* Exercise details: From the entries that follow, reproduce exactly and only the lines from the line with "27, Greater Noida" to the line with "UA RUN 96 TIGHTS", endpoints included.

--- Material provided Enclosed Below ---

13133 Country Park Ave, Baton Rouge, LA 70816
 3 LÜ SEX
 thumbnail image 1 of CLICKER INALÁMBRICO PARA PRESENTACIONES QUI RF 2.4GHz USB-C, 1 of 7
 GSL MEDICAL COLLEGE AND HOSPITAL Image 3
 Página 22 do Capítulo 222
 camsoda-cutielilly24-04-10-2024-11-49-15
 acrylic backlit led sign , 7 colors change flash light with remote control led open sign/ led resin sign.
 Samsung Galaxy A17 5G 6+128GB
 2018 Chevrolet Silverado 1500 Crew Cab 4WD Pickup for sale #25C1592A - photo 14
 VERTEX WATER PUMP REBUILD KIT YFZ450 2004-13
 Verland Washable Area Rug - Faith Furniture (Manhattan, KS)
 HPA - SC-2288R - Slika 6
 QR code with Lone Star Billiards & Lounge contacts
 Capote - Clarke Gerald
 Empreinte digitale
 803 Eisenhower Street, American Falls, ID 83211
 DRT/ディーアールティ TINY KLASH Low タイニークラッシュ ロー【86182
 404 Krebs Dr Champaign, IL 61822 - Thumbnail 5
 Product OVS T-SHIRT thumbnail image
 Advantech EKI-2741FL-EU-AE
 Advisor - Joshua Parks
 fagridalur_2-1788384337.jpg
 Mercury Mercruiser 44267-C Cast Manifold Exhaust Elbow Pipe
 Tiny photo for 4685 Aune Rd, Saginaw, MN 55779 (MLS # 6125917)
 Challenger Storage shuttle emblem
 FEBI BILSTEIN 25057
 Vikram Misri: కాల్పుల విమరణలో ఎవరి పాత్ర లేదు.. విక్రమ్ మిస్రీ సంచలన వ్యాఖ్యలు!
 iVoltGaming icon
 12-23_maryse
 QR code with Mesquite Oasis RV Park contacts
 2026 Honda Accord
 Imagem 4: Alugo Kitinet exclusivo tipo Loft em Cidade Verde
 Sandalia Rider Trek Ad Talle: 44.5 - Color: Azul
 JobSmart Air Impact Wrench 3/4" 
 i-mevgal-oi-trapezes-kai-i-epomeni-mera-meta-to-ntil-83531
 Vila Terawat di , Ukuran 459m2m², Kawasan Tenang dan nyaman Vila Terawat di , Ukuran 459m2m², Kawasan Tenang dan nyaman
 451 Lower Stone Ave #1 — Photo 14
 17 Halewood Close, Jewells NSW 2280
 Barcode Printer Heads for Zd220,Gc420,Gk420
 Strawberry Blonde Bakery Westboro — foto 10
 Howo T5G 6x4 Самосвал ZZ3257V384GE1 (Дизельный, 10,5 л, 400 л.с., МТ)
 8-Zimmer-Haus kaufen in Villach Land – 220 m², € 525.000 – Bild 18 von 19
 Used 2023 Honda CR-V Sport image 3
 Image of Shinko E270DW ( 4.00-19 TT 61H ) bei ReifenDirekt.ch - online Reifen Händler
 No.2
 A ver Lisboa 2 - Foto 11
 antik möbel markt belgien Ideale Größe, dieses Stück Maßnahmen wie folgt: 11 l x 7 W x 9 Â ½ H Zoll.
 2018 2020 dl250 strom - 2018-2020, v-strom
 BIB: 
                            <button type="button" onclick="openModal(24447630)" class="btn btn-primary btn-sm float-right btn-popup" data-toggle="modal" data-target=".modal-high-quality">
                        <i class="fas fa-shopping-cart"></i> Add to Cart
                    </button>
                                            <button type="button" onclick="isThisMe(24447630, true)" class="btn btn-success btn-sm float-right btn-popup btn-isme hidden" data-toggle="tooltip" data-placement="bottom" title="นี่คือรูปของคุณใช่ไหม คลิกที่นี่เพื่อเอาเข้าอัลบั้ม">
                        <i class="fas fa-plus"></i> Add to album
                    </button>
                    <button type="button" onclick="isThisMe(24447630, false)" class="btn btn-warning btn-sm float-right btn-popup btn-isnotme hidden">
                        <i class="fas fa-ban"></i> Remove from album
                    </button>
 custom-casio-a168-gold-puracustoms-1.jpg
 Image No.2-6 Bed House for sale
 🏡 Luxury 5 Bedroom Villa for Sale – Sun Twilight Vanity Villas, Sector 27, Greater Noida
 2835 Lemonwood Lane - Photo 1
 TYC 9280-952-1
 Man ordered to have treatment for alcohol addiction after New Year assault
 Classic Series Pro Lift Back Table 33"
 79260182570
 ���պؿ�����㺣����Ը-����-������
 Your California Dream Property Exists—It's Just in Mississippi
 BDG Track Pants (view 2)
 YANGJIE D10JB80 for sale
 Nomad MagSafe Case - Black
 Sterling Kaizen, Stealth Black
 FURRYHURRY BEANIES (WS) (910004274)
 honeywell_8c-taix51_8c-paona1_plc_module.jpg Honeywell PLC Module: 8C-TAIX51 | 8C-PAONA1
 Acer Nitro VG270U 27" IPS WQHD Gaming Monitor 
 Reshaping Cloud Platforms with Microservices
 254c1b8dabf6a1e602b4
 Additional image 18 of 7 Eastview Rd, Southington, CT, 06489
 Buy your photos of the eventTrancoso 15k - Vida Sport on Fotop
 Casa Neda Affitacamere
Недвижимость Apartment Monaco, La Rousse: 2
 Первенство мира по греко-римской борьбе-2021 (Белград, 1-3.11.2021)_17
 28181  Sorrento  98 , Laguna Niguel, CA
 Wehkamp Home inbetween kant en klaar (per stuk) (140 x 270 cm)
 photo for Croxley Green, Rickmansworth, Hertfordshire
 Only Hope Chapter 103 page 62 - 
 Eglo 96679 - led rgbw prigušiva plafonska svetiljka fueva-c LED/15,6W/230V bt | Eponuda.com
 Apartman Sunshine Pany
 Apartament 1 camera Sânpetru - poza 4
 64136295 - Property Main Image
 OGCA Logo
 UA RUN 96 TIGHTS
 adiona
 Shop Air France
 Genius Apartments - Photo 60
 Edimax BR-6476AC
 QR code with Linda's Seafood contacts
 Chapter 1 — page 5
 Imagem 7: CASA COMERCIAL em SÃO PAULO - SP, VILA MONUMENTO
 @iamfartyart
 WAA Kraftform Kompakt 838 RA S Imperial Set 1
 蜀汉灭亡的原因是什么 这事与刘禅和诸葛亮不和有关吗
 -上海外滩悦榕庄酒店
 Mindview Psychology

--- End of Enclosed Material provided ---

* Reply to the exercise:
 🏡 Luxury 5 Bedroom Villa for Sale – Sun Twilight Vanity Villas, Sector 27, Greater Noida
 2835 Lemonwood Lane - Photo 1
 TYC 9280-952-1
 Man ordered to have treatment for alcohol addiction after New Year assault
 Classic Series Pro Lift Back Table 33"
 79260182570
 ���պؿ�����㺣����Ը-����-������
 Your California Dream Property Exists—It's Just in Mississippi
 BDG Track Pants (view 2)
 YANGJIE D10JB80 for sale
 Nomad MagSafe Case - Black
 Sterling Kaizen, Stealth Black
 FURRYHURRY BEANIES (WS) (910004274)
 honeywell_8c-taix51_8c-paona1_plc_module.jpg Honeywell PLC Module: 8C-TAIX51 | 8C-PAONA1
 Acer Nitro VG270U 27" IPS WQHD Gaming Monitor 
 Reshaping Cloud Platforms with Microservices
 254c1b8dabf6a1e602b4
 Additional image 18 of 7 Eastview Rd, Southington, CT, 06489
 Buy your photos of the eventTrancoso 15k - Vida Sport on Fotop
 Casa Neda Affitacamere
Недвижимость Apartment Monaco, La Rousse: 2
 Первенство мира по греко-римской борьбе-2021 (Белград, 1-3.11.2021)_17
 28181  Sorrento  98 , Laguna Niguel, CA
 Wehkamp Home inbetween kant en klaar (per stuk) (140 x 270 cm)
 photo for Croxley Green, Rickmansworth, Hertfordshire
 Only Hope Chapter 103 page 62 - 
 Eglo 96679 - led rgbw prigušiva plafonska svetiljka fueva-c LED/15,6W/230V bt | Eponuda.com
 Apartman Sunshine Pany
 Apartament 1 camera Sânpetru - poza 4
 64136295 - Property Main Image
 OGCA Logo
 UA RUN 96 TIGHTS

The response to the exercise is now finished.